# [What to work on]
Write the records below out in full, character for character, with no pictures.

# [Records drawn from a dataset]
<<<<

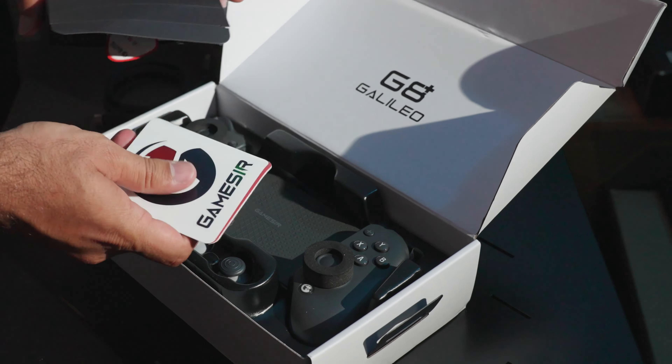The controller excels in low latency input, crucial for competitive gaming. The GameSir app allows you to remap buttons, adjust sensitivity and create macros for a tailored gaming experience.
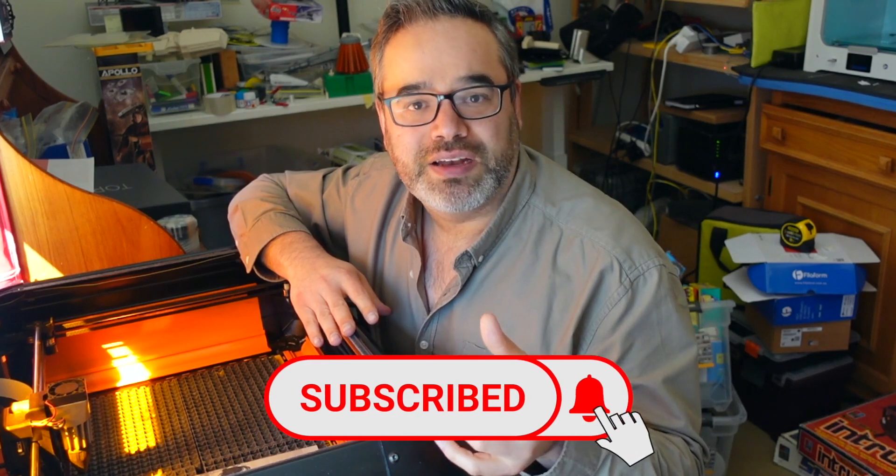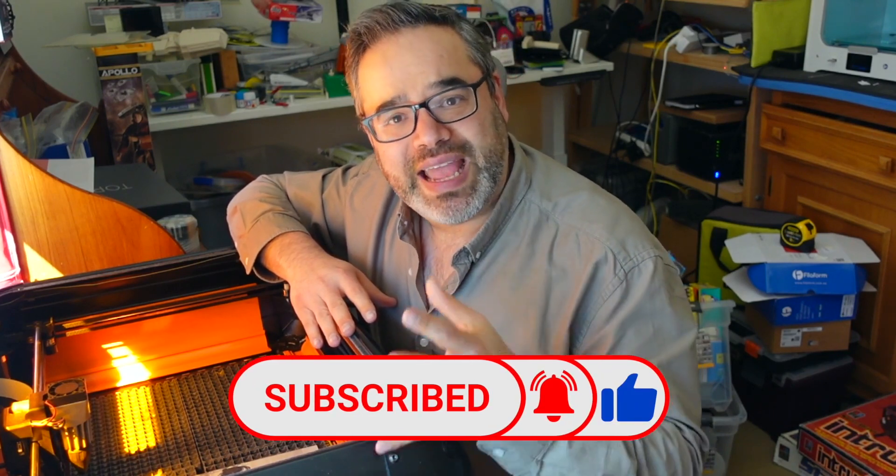I want to take a moment to ask you to hit that subscribe button and that bell icon so you don't miss out on any other laser videos and tutorials coming up. If you love lasers and making things, you have an invitation to join the laser live streams we run every two weeks on this channel — a great place to share the work you've created and even share some of the magic you've learned along the way. Now let's get back to this, because I've got a lot more to learn and share with you.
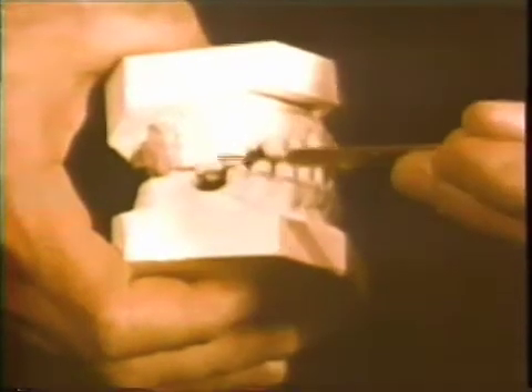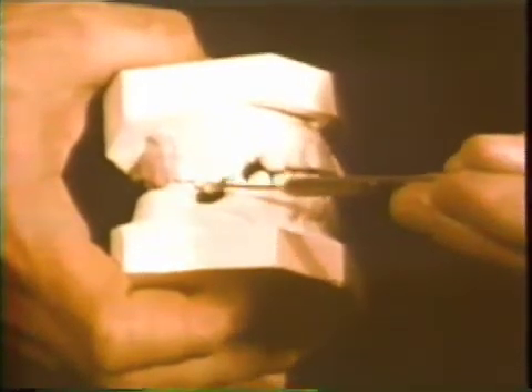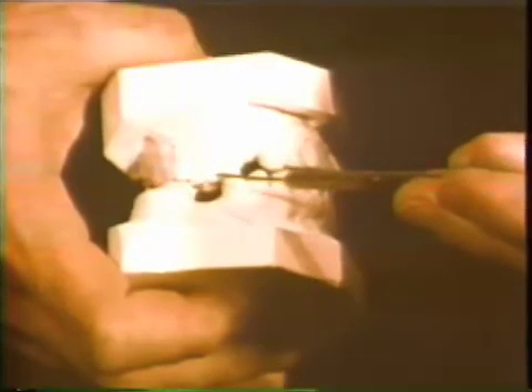The maxillary first molar has extruded into the opposing space. This radiograph shows the preoperative view of the area. There is a defect on the mesial surface of the right central incisor, which appears to be of infrabony character. This radiograph shows the donor site for the autogenous bone. The area is just distal to the maxillary right canine, where the alveolar process ascends on the distal surface.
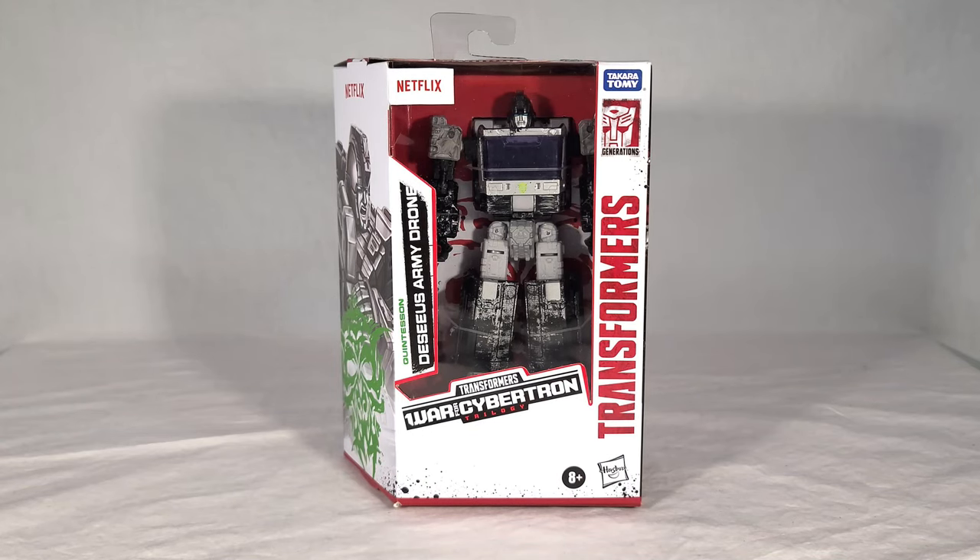Welcome back everyone. Today we're taking a look at the brand new Netflix Transformers War for Cybertron Decius Army Drone. This is a really interesting toy — it is obviously a direct retool echo of the Siege Ironhide toy, but it's meant to be a mindless robotic drone controlled by the Quintesson Judge Decius.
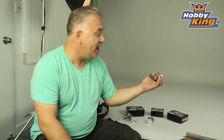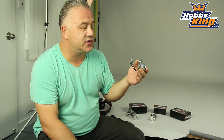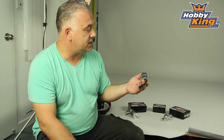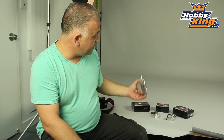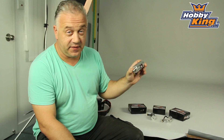Hi, Scott from HobbyKing with a new range of Turnigy high-performance EDF motors — one for pretty well everything really. We have an outrunner for 70mm fan units, 3300kV and 4S. For 90mm units we have this 6S 1900kV 35mm inrunner, and finally for the 120mm units we have this Animal E, which is 12S 850kV.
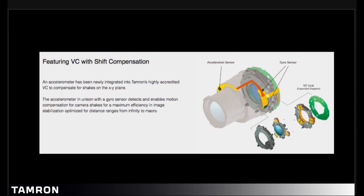We've also updated and improved our VC system, and we added an acceleration sensor — a separate sensor for noticing camera shift. This is for movements such as when the camera moves up and down or left and right while remaining parallel to your subject.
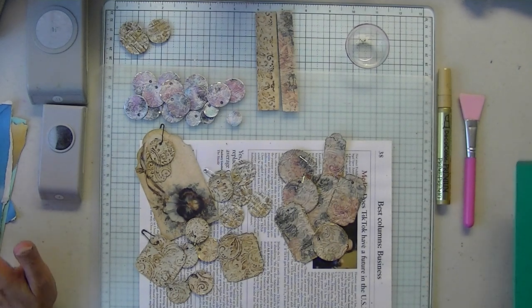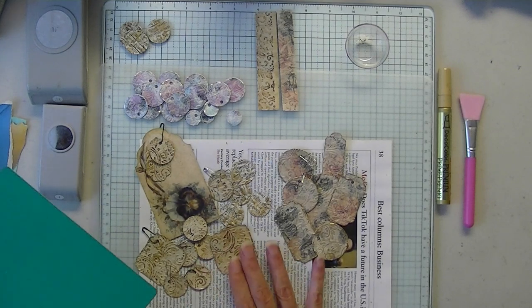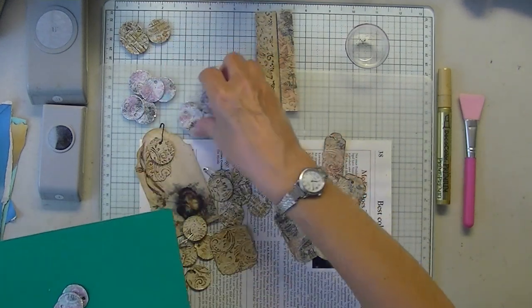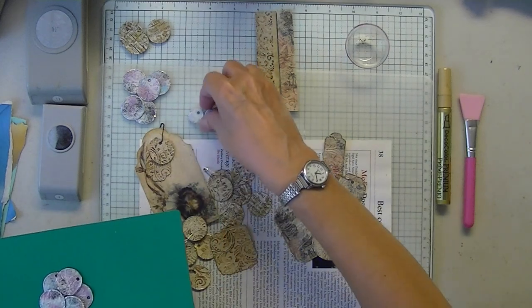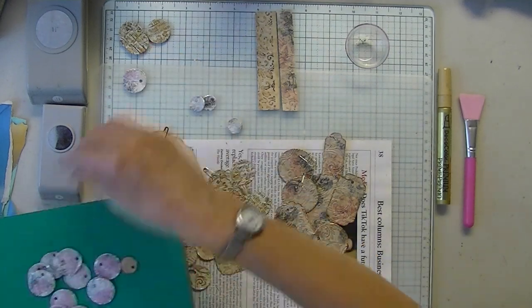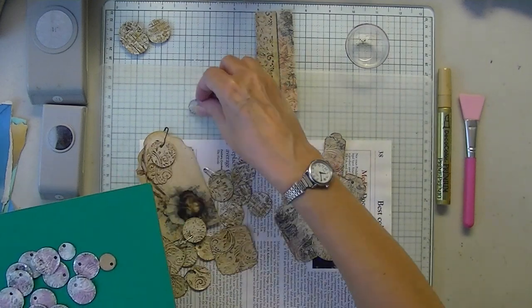Okay, today is charms — another charms. And these ones I really do love. I mean, I like them all, but you always end up with your favorites. And these are so ridiculously simple. Another ridiculously simple project, and I know you could probably achieve this using pearlescent paint or whatever.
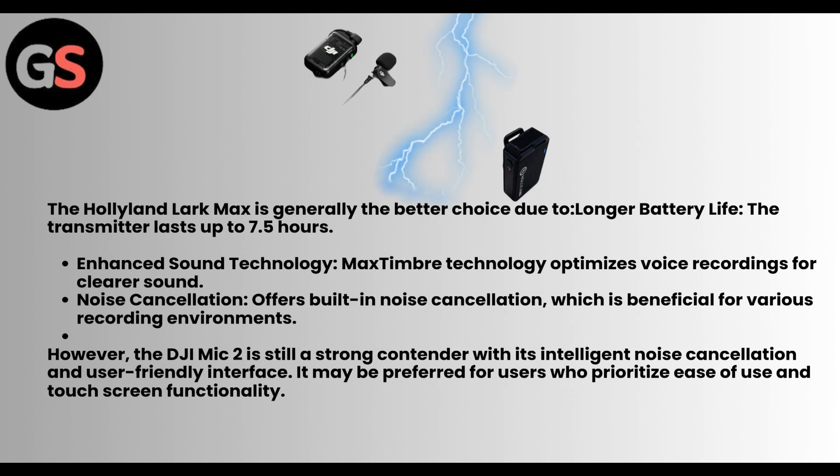Now let us see which is better. The Hollyland Lark Max is generally the better choice due to longer battery life — the transmitter lasts up to 7.5 hours — and enhanced sound technology like Max Timber technology which optimizes voice recordings for clearer sound. Its built-in noise cancellation is beneficial for various recording environments. However, the DJI Mic 2 is still a strong contender with its intelligent noise cancellation and user-friendly interface, and may be preferred by users who prioritize ease of use.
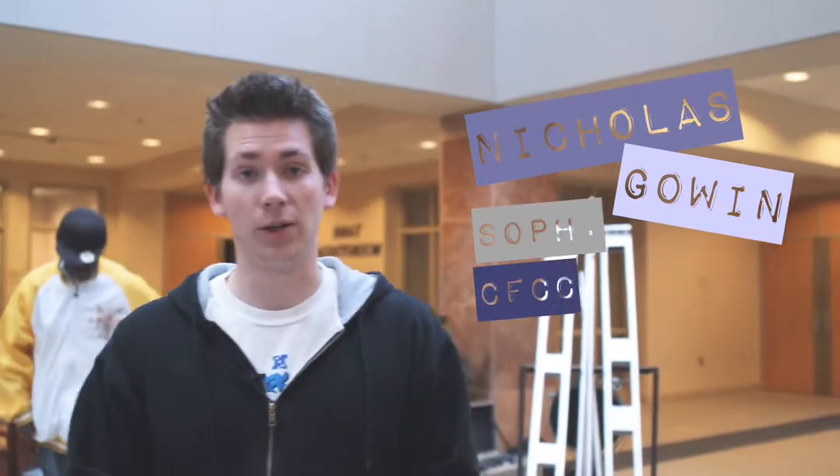Hi, I'm Nicholas Gohan. I'm a sophomore at Cape Fear Community College in the film and video production department. Due to budget constraints, we could not afford to buy a jib, so we decided to build one. Here's how we did it.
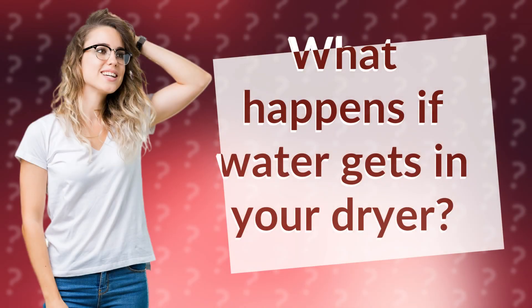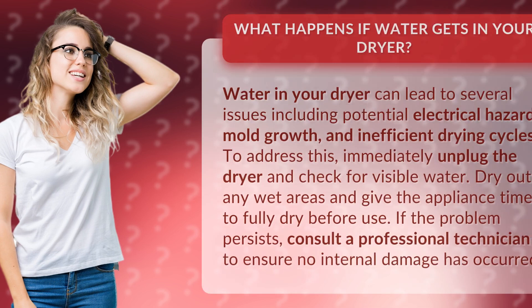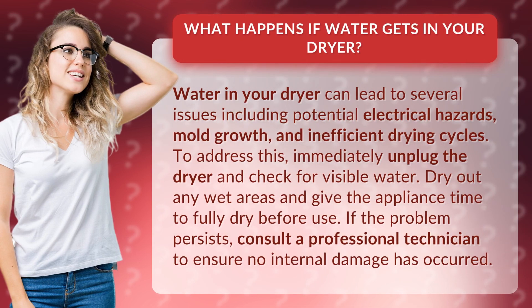What happens if water gets in your dryer? Water in your dryer can lead to several issues including potential electrical hazards, mold growth, and inefficient drying cycles.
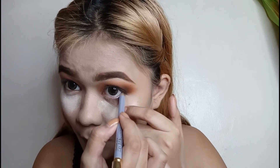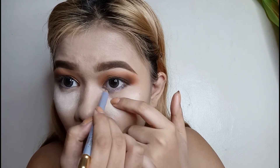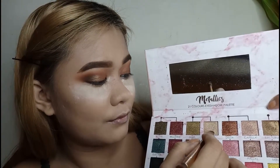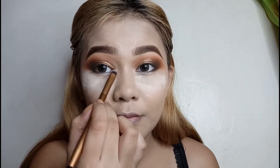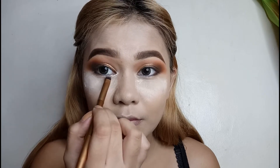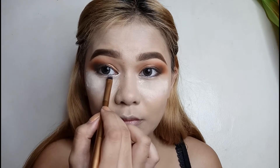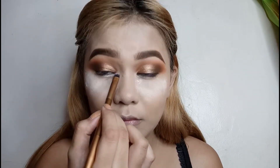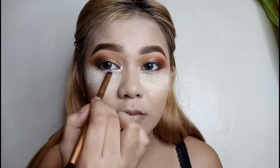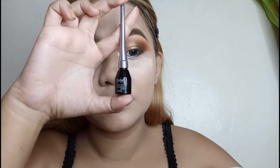Gamitin ko yung niche doon na silver eyeliner to waterline my eyes. Kukunin ko yung Detail May Cover Metallics na palette and I will get the shade Polux. I will highlight my inner corners and dragging it down hanggang sa half part ng aking lower lash line, just to highlight the eyes. Kasi wala ako ng silver shade na ginagamit nila.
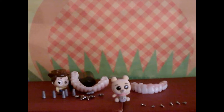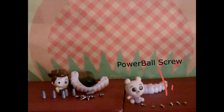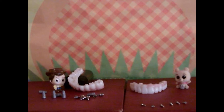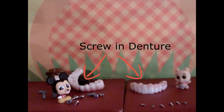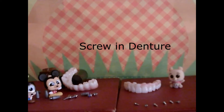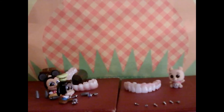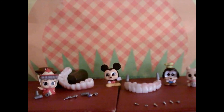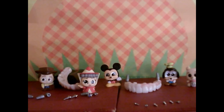Here we have our latest technology, the Powerball screw. And let's not forget the star of our show — the screw denture. Okay, let's put it all together. Of course, this thing is heavy.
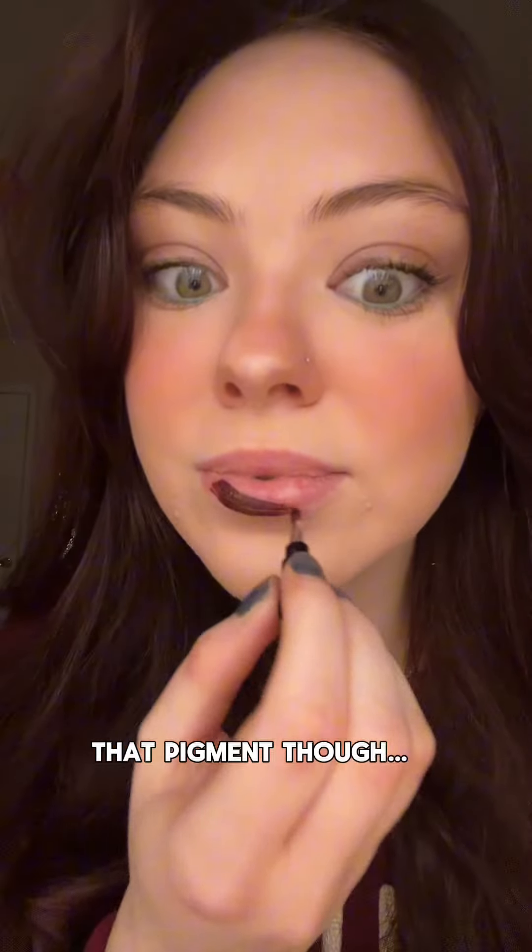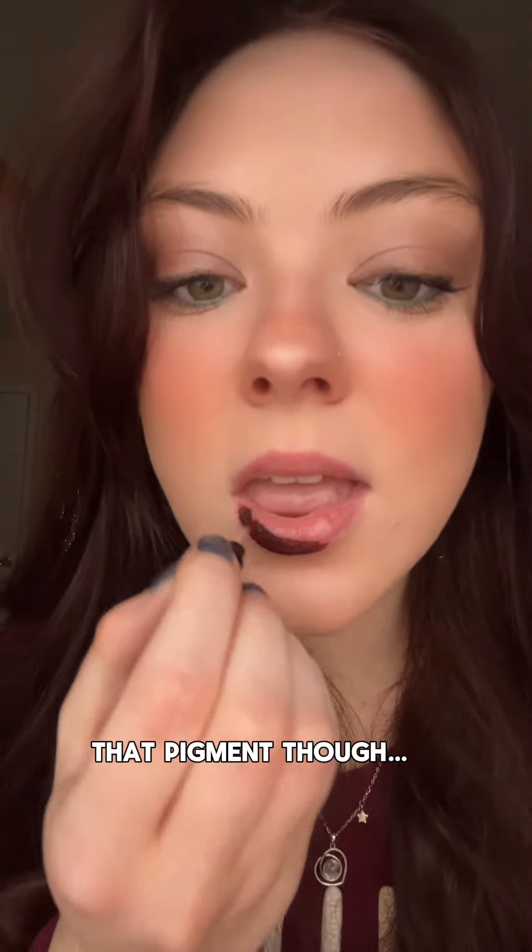Okay so now let's try the color out. I'm so excited. Y'all see that? That color match though — pretty spot on.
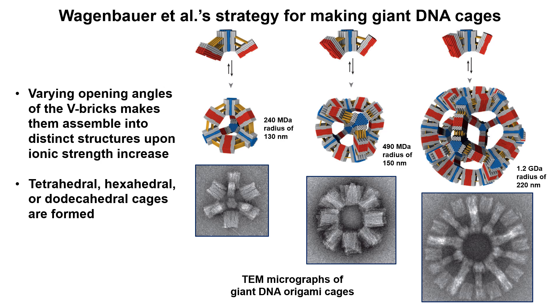By making V-bricks with variable opening angles, the geometry of the reactive vertices was decided. Just like with the tubes, an increase in ionic strength led to assembly of higher order structures. In this case, tetrahedral, hexahedral, and dodecahedral cages were created. Impressively, the dodecahedral cages had radii of about 220 nanometers and weighed about 1.2 gigadaltons.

>>>>

# [Task output]
The controller excels in low latency input, crucial for competitive gaming. The GameSir app allows you to remap buttons, adjust sensitivity and create macros for a tailored gaming experience.
I want to take a moment to ask you to hit that subscribe button and that bell icon so you don't miss out on any other laser videos and tutorials coming up. If you love lasers and making things, you have an invitation to join the laser live streams we run every two weeks on this channel — a great place to share the work you've created and even share some of the magic you've learned along the way. Now let's get back to this, because I've got a lot more to learn and share with you.
The maxillary first molar has extruded into the opposing space. This radiograph shows the preoperative view of the area. There is a defect on the mesial surface of the right central incisor, which appears to be of infrabony character. This radiograph shows the donor site for the autogenous bone. The area is just distal to the maxillary right canine, where the alveolar process ascends on the distal surface.
Welcome back everyone. Today we're taking a look at the brand new Netflix Transformers War for Cybertron Decius Army Drone. This is a really interesting toy — it is obviously a direct retool echo of the Siege Ironhide toy, but it's meant to be a mindless robotic drone controlled by the Quintesson Judge Decius.
Hi, Scott from HobbyKing with a new range of Turnigy high-performance EDF motors — one for pretty well everything really. We have an outrunner for 70mm fan units, 3300kV and 4S. For 90mm units we have this 6S 1900kV 35mm inrunner, and finally for the 120mm units we have this Animal E, which is 12S 850kV.
We've also updated and improved our VC system, and we added an acceleration sensor — a separate sensor for noticing camera shift. This is for movements such as when the camera moves up and down or left and right while remaining parallel to your subject.
Okay, today is charms — another charms. And these ones I really do love. I mean, I like them all, but you always end up with your favorites. And these are so ridiculously simple. Another ridiculously simple project, and I know you could probably achieve this using pearlescent paint or whatever.
Now let us see which is better. The Hollyland Lark Max is generally the better choice due to longer battery life — the transmitter lasts up to 7.5 hours — and enhanced sound technology like Max Timber technology which optimizes voice recordings for clearer sound. Its built-in noise cancellation is beneficial for various recording environments. However, the DJI Mic 2 is still a strong contender with its intelligent noise cancellation and user-friendly interface, and may be preferred by users who prioritize ease of use.
Hi, I'm Nicholas Gohan. I'm a sophomore at Cape Fear Community College in the film and video production department. Due to budget constraints, we could not afford to buy a jib, so we decided to build one. Here's how we did it.
What happens if water gets in your dryer? Water in your dryer can lead to several issues including potential electrical hazards, mold growth, and inefficient drying cycles.
Gamitin ko yung niche doon na silver eyeliner to waterline my eyes. Kukunin ko yung Detail May Cover Metallics na palette and I will get the shade Polux. I will highlight my inner corners and dragging it down hanggang sa half part ng aking lower lash line, just to highlight the eyes. Kasi wala ako ng silver shade na ginagamit nila.
Here we have our latest technology, the Powerball screw. And let's not forget the star of our show — the screw denture. Okay, let's put it all together. Of course, this thing is heavy.
Okay so now let's try the color out. I'm so excited. Y'all see that? That color match though — pretty spot on.
By making V-bricks with variable opening angles, the geometry of the reactive vertices was decided. Just like with the tubes, an increase in ionic strength led to assembly of higher order structures. In this case, tetrahedral, hexahedral, and dodecahedral cages were created. Impressively, the dodecahedral cages had radii of about 220 nanometers and weighed about 1.2 gigadaltons.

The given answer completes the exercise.